This summer, for the first time in 22 years, 12,000 prison inmates can use federal funding to take college courses – a change that could ease their transition to civilian life and reduce the chances they will commit crimes again upon release. A bill in the House and Senate would offer the same opportunity to hundreds of thousands more.

In 1994, Congress banned Pell Grants for prisoners. The rule remains in place, but last year the Obama administration announced a pilot program in partnership with 67 colleges and universities to let some prisoners earn a degree while they serve their sentences. The program launched last month, but allowing all inmates to benefit is up to Congress: Legislation to strike the prisoner prohibition was introduced in the House last year, and a matching proposal was recently brought to the Senate. Both should pass.

Lawmakers made a mistake when they decided that educating prisoners for free would reward bad behavior at the expense of law-abiding students who struggle to pay tuition. Prisoner education encourages good behavior; inmates who make the effort should be encouraged. And the expense is modest: In 1993 and 1994, funding for prisoners took up less than 1 percent of Pell Grants. Congress could reinstate inmate eligibility without depriving students outside of the prison system.

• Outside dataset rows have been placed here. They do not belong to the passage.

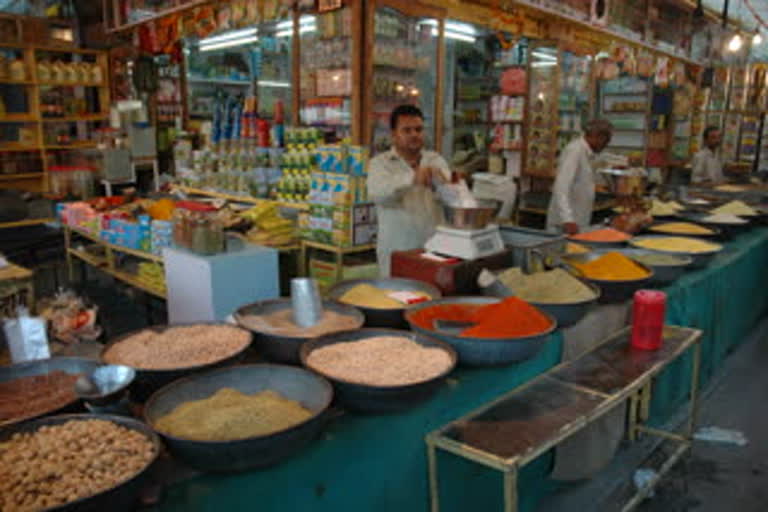 retail wholesale trades  MSMEs  small and medium enterprises  ചില്ലറ, മൊത്ത വ്യാപാരികൾ  nitin gadkari  കേന്ദ്ര മന്ത്രി നിധിൻ ഗഡ്‌കരി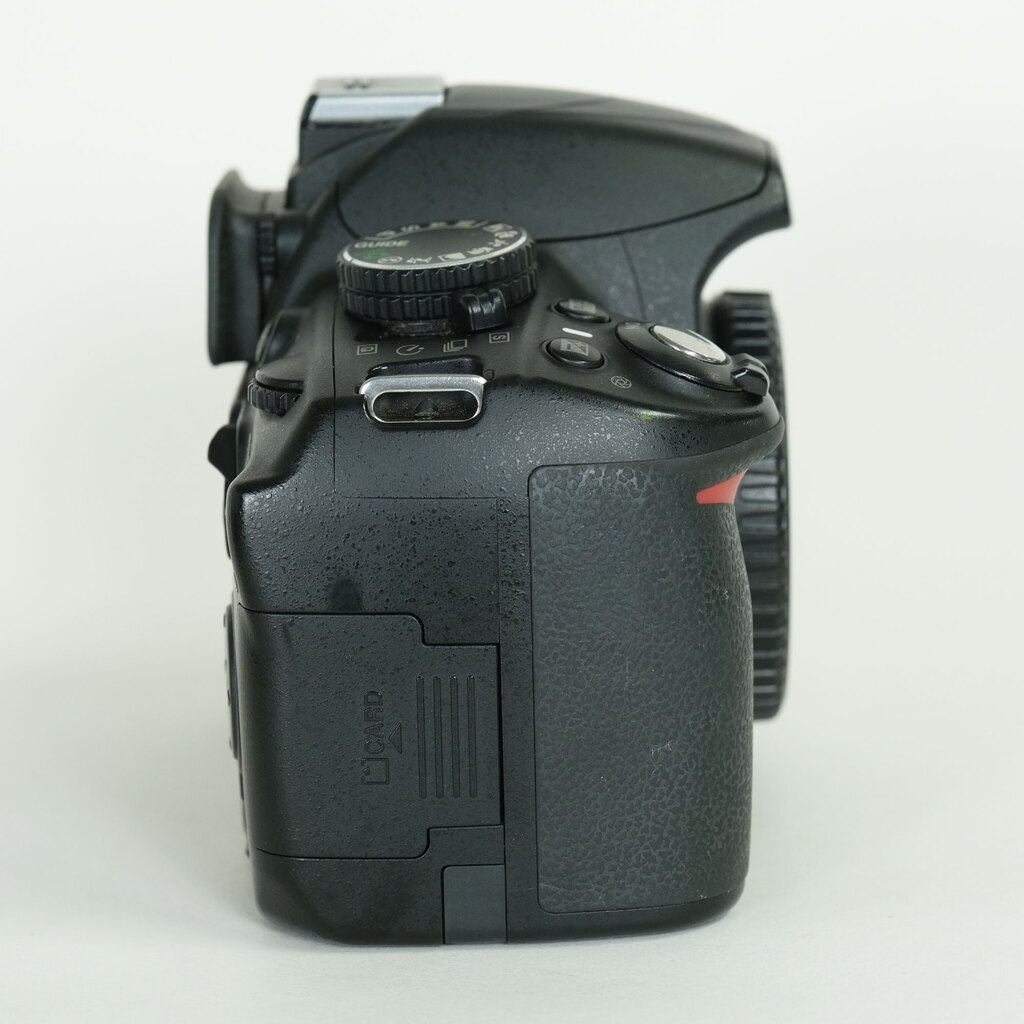 Nikon D3100 ボディ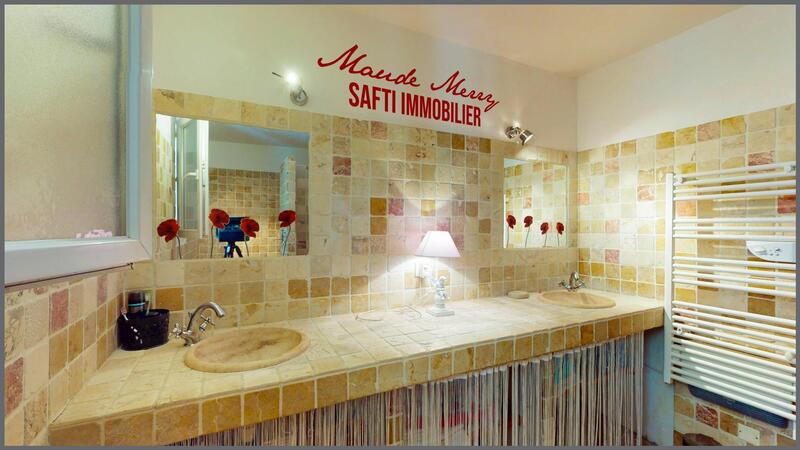 Maison - 206 m² - 6 pièces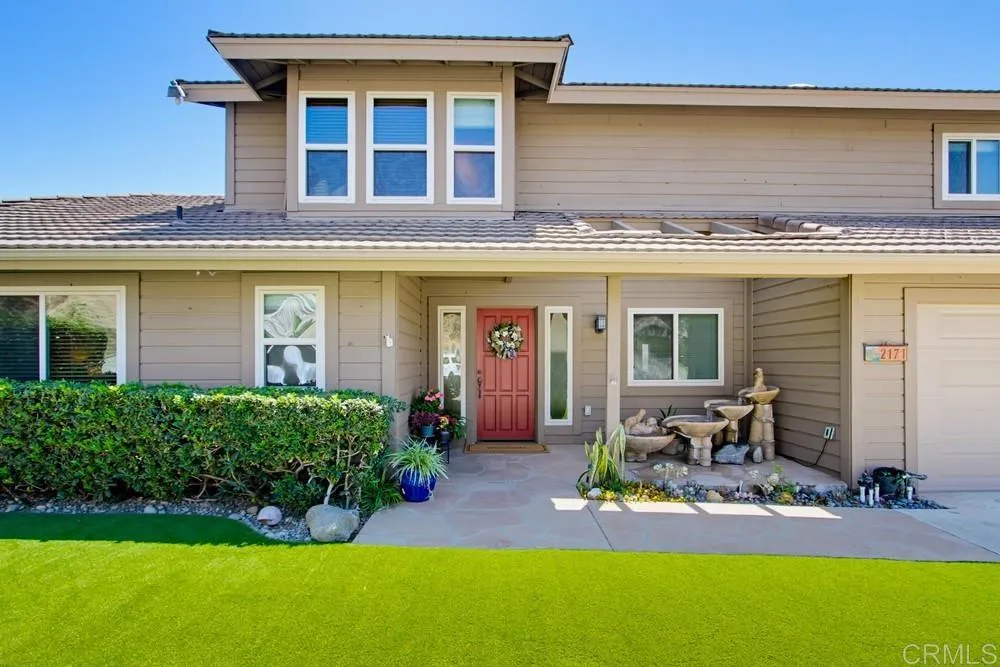 2171 Paseo Grande El Cajon, CA 92019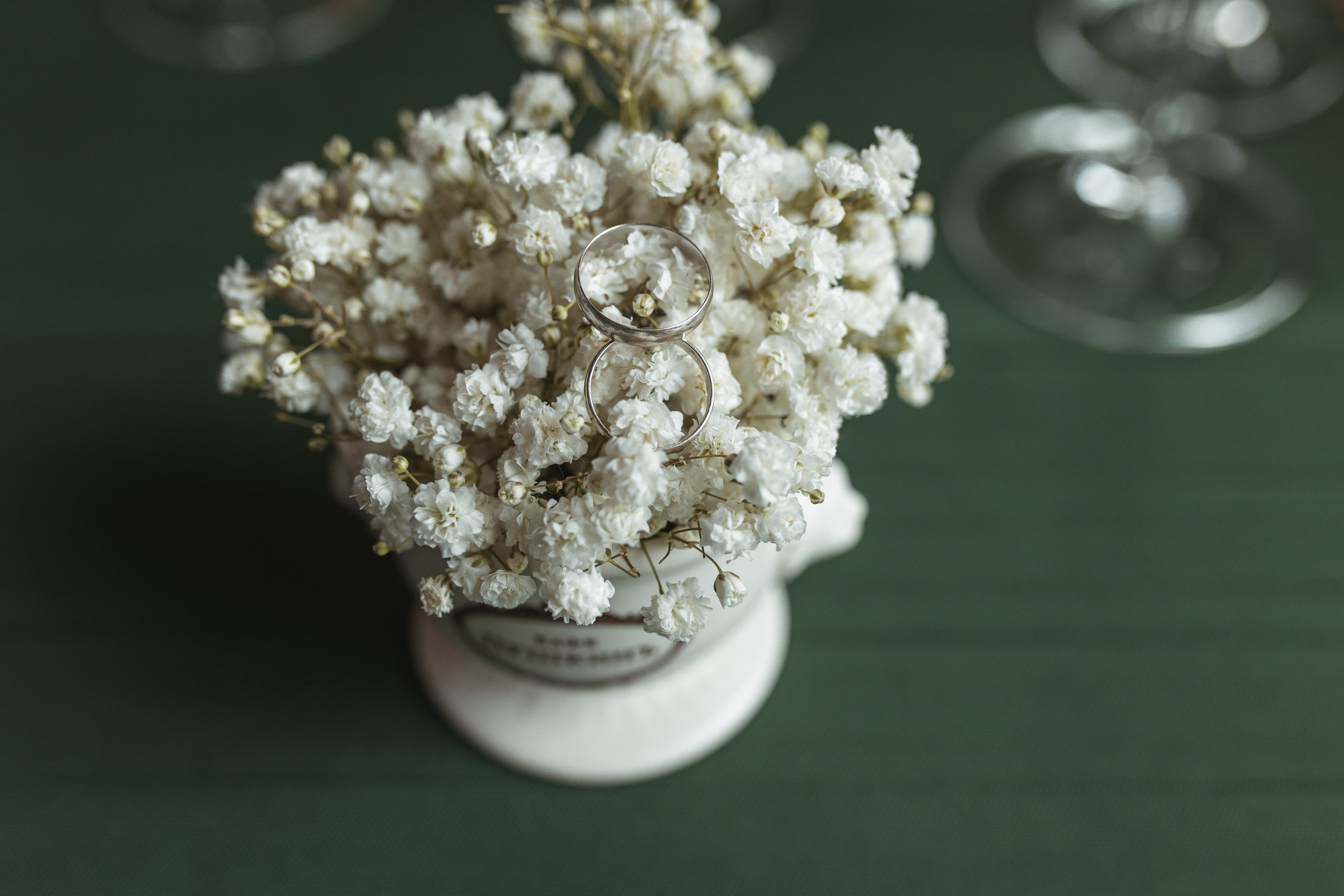 Свадебная фотосъемка  в кафе Пушкин. Свадебный фотограф Калуга Москва Диана Румянцева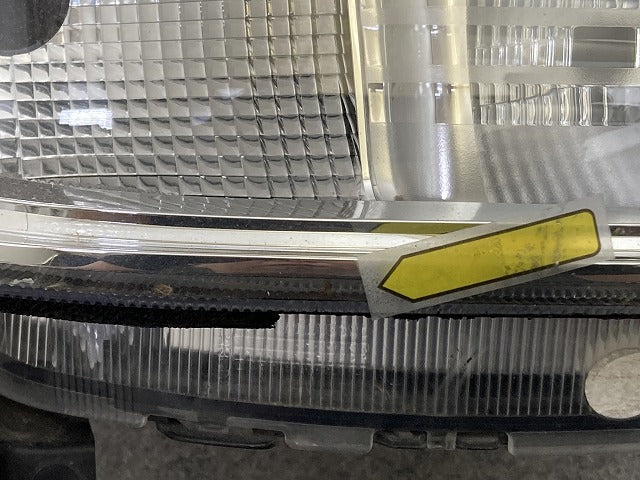 エブリィワゴン DA17W 純正 右 ヘッドライト/ランプ キセノン HID バラスト 刻印P AL Automotive Lighting LE14C6329 スズキ(152447)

In fact, programs that reduce recidivism save money. Right now, 68 percent of prisoners end up back behind bars within three years of release. Recidivism rates decrease to less than 14 percent when prisoners receive associate degrees and to less than 6 percent when they earn bachelor’s degrees. Every dollar spent on educating prisoners saves $5 in reincarceration costs, a Rand Corp. analysis found.

Inmates leave prison to find a world different from the one they left. Without education, the adjustment is harder and joblessness more likely. As a result, too many prisoners re-enter the outside world only to find themselves serving another sentence after just a few years, and too many other Americans are hurt by their crimes. Congress could – and should – change that.